You know how often you know that you have perfect meme for the situation, but you just can't find it in that large meme archive of yours. So, Here we present an application to tag your memes automatically taking various attributes like the text in the meme, the template of the meme and some other features.
So, here we are using tesseract for the OCR purposes and inception architechture to classify memes on the basis of meme template. It takes the path of the directory of the memes and creates a csv file with the image path, the text in the meme, and the meme template name.
The model currently trained was trained using realy less amout of data, so first, it can be trained using a lot of different meme templates and a lot of other attributes.
The tesseract architecture used has a lot of limitations and can only detect text if it is written properly.
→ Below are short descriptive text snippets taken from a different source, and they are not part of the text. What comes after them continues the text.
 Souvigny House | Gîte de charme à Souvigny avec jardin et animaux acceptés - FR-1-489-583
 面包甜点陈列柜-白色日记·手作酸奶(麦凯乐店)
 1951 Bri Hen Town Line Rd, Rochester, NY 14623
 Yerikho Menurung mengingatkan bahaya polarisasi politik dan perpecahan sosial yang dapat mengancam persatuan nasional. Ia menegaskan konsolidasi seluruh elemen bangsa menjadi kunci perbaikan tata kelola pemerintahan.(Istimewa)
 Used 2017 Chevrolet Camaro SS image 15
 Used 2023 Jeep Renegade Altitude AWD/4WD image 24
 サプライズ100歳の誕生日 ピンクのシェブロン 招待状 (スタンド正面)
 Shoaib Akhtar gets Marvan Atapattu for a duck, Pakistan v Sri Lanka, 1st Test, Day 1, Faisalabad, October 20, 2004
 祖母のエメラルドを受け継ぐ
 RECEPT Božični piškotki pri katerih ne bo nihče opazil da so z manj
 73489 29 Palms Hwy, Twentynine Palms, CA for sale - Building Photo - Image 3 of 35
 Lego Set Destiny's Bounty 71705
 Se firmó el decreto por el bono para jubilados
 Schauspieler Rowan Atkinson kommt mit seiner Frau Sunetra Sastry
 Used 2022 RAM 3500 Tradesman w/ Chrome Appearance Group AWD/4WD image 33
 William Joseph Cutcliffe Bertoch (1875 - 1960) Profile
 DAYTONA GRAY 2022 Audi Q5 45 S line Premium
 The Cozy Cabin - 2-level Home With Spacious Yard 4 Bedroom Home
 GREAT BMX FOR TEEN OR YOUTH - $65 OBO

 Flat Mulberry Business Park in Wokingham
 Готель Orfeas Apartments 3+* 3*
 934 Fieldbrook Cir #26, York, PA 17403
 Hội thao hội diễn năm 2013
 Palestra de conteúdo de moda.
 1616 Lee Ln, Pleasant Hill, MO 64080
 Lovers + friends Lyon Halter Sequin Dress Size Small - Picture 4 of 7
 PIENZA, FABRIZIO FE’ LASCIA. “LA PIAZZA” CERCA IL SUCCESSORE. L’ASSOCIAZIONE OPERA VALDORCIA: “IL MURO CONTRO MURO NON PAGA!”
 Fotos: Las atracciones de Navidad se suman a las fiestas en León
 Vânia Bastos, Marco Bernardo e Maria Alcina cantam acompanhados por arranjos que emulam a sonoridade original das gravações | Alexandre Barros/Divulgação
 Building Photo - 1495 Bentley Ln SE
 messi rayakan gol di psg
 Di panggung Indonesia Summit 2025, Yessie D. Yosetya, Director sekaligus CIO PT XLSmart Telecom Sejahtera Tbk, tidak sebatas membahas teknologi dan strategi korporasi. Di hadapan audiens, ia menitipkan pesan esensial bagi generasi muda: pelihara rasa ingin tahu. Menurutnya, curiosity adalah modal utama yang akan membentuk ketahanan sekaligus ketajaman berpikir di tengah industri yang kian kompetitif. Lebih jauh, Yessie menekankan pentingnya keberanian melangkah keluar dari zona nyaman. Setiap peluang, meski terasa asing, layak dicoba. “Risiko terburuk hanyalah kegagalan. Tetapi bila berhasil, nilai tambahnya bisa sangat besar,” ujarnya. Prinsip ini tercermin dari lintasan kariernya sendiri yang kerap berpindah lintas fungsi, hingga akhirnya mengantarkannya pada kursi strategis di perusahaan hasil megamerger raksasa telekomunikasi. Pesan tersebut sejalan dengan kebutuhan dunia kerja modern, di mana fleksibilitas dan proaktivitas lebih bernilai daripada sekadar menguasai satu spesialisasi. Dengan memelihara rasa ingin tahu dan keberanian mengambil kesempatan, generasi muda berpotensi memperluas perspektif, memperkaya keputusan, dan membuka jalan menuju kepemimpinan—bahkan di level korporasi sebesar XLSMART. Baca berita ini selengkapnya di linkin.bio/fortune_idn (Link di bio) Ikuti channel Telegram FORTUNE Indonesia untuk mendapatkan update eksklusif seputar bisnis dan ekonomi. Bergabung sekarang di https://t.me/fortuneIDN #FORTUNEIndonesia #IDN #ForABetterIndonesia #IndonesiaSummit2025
So, in the future we may use some other algorithm for the OCR purposes to get better results.
Download and install tesseract architechture using these links tesseract-ocr-w64-setup-v4.0.0.20181030.exe (64-bit), tesseract-ocr-w32-setup-v4.0.0.20181030.exe (32-bit) or tesseract-ocr-setup-3.05.02-20180621.exe, and add Tesseract-OCR directory to the Path.
Also, install the following libraries: pillow and pytesseract, using pip install pillow
and pip install pytesseract
respectively.
Create a folder named ./training_images
and make sub-directories of the different image classifications in it.
Next, create a folder named ./test_images
and put the images to be classified in that.
Now, run the retrain.py file to train the model and run the test.py file to test the model. and then run main.py file classify the memes and create the .csv file.
In the future we may use this application to give recommendations on the basis of the person's likes and dislikes. Also, it will help search engines and to look for certain memes on the basis of search criteria. In the future, we may add a feature to classify meme on the basis of type of meme that it is (if it's a dark humor or not OR if it's a programming meme or not and some more categories like this). The way we may implement this is by using NLP on the extracted text.